# WHAT NEEDS TO BE DONE
Repeat only the lines below that run from the line with "Fototapeta premium Ring" to the line with "Roof Wind Turbines", ends included; skip every picture.

# SOURCE MATERIAL
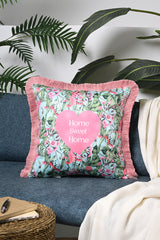 Home Sweet Home Yazılı Pembe Çiçek Desenli Dijital Baskılı Kadife Kırlent Kılıfı Saçaklı
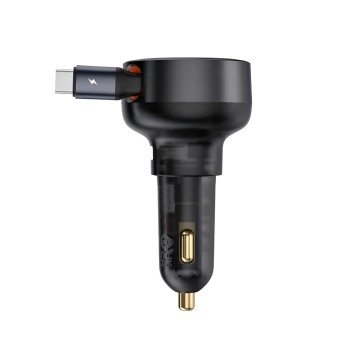 Baseus Car Charger Retractable  Enjoyment Pro Type-C with Cable 60W Cluster, Black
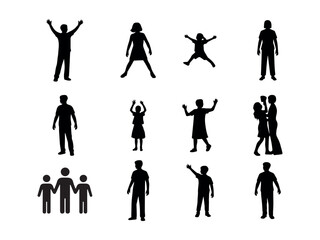 Diverse Family Silhouettes Representing Various Activities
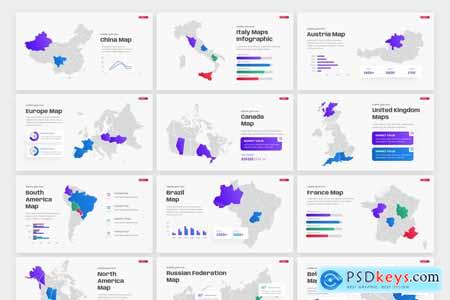 Maps Infographic Gradient PowerPoint Template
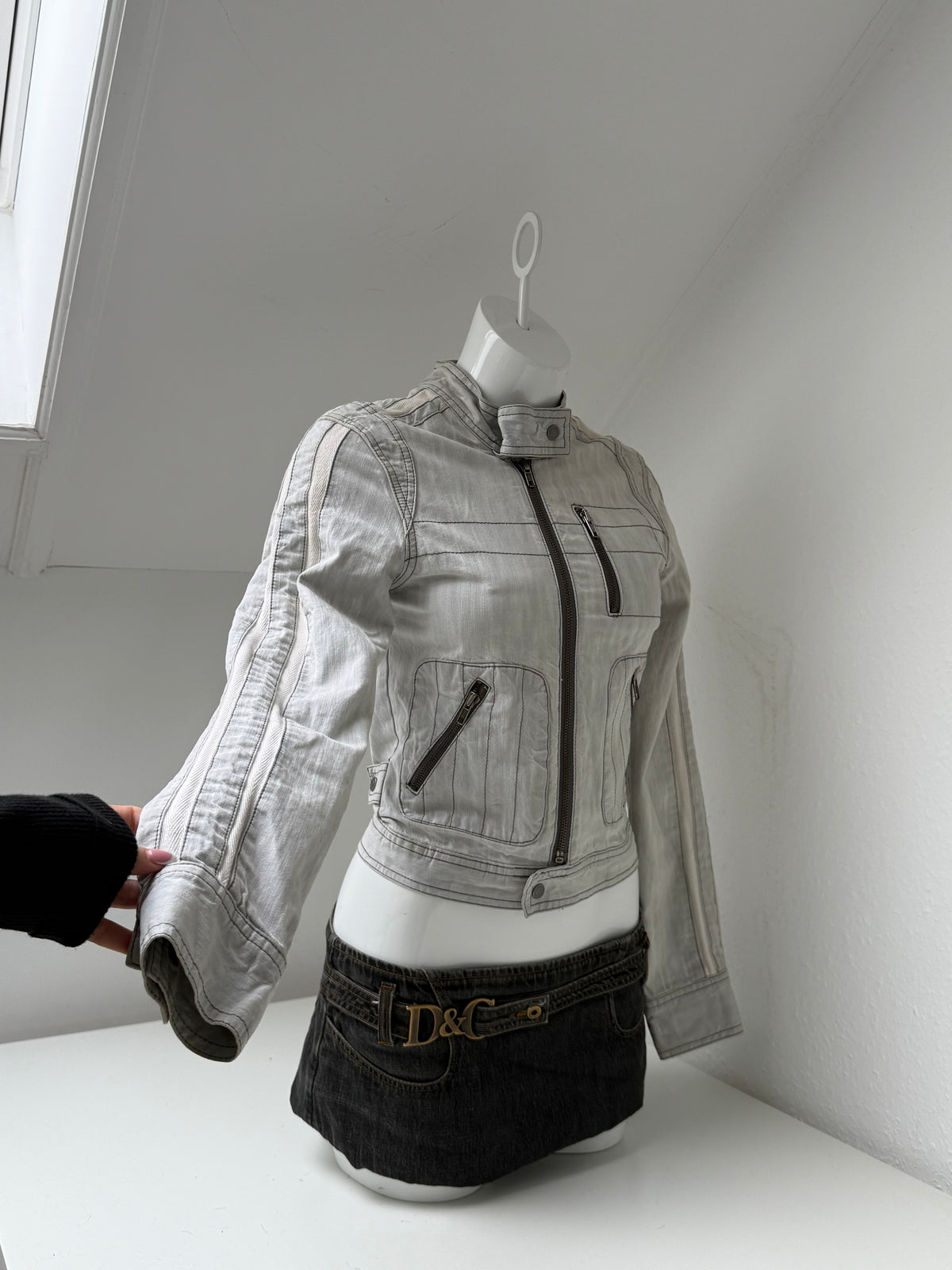 Fitted Y2K Biker Jacket (UK8)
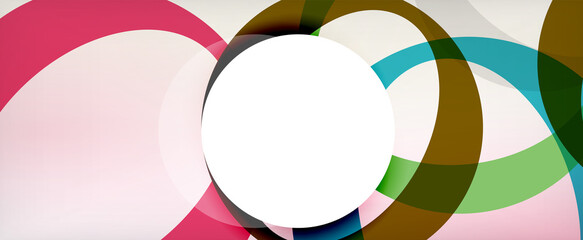 Fototapeta premium Ring geometric shapes, o letter repetition wallpaper. Abstract background for business or technology presentations, internet posters or web brochure covers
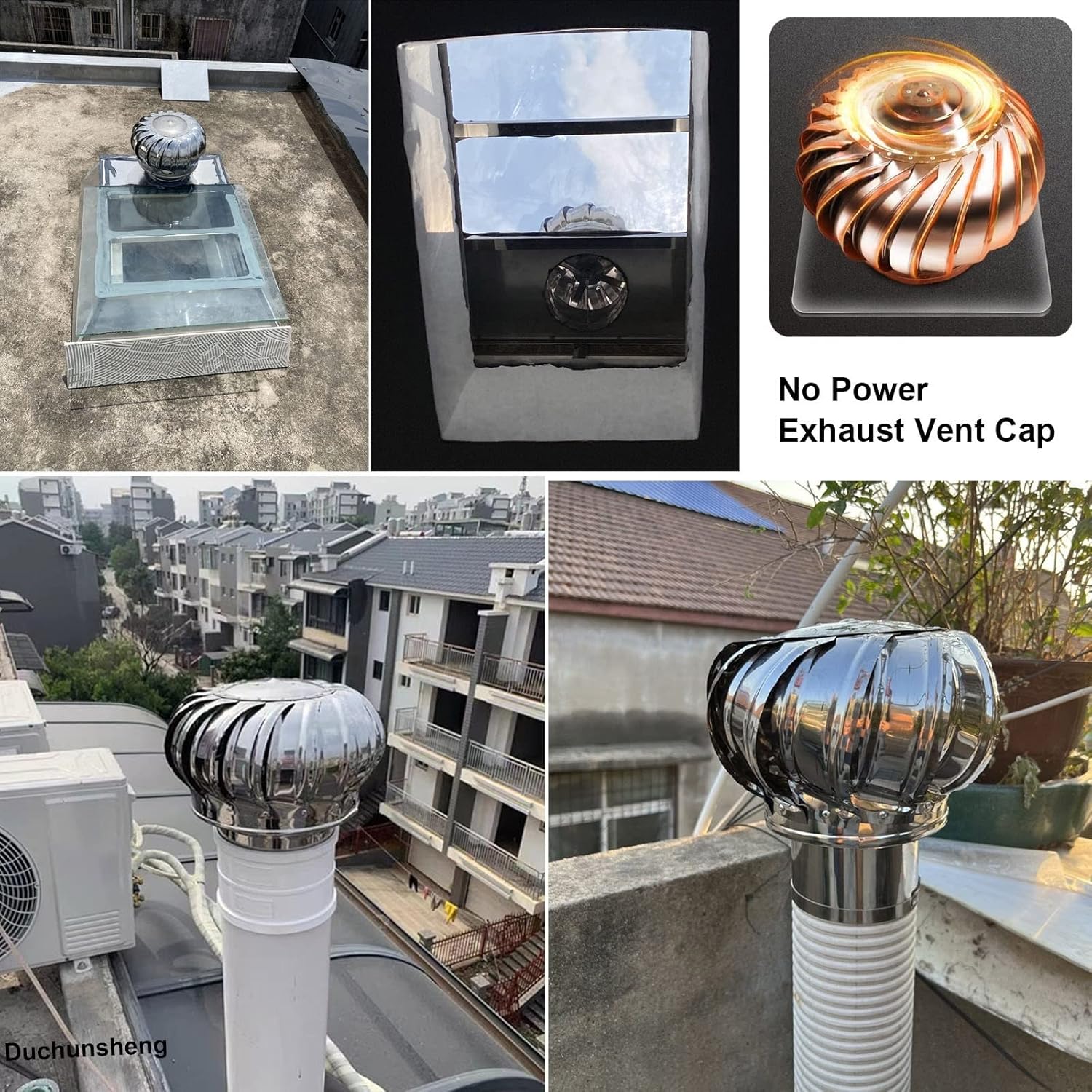 Roof Wind Turbines Cap Vent Round Internally Braced Wind Turbines, 304 Stainless Steel Roof Ventilator Air Outlet, 4 10 12 Inch, Easy to Install Unpowered Rotation Rainproof Ventilator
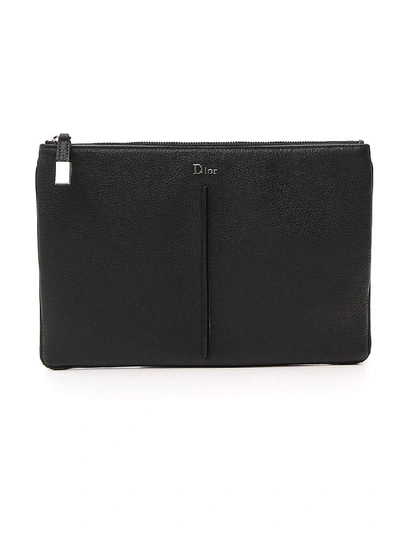 Dior Homme Logo Embossed Pouch In Black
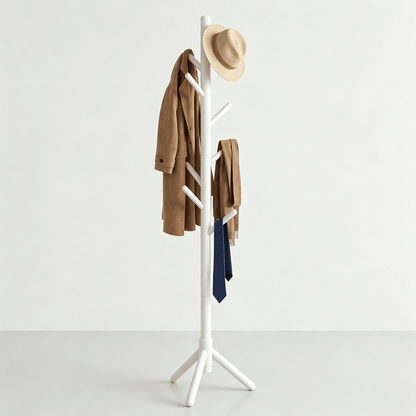 3-Color Freestanding Tree Coat Rack, Tripod Base Clothes Stand With Multi Hooks For Home Use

# YOUR SOLUTION
 Fototapeta premium Ring geometric shapes, o letter repetition wallpaper. Abstract background for business or technology presentations, internet posters or web brochure covers
 Roof Wind Turbines Cap Vent Round Internally Braced Wind Turbines, 304 Stainless Steel Roof Ventilator Air Outlet, 4 10 12 Inch, Easy to Install Unpowered Rotation Rainproof Ventilator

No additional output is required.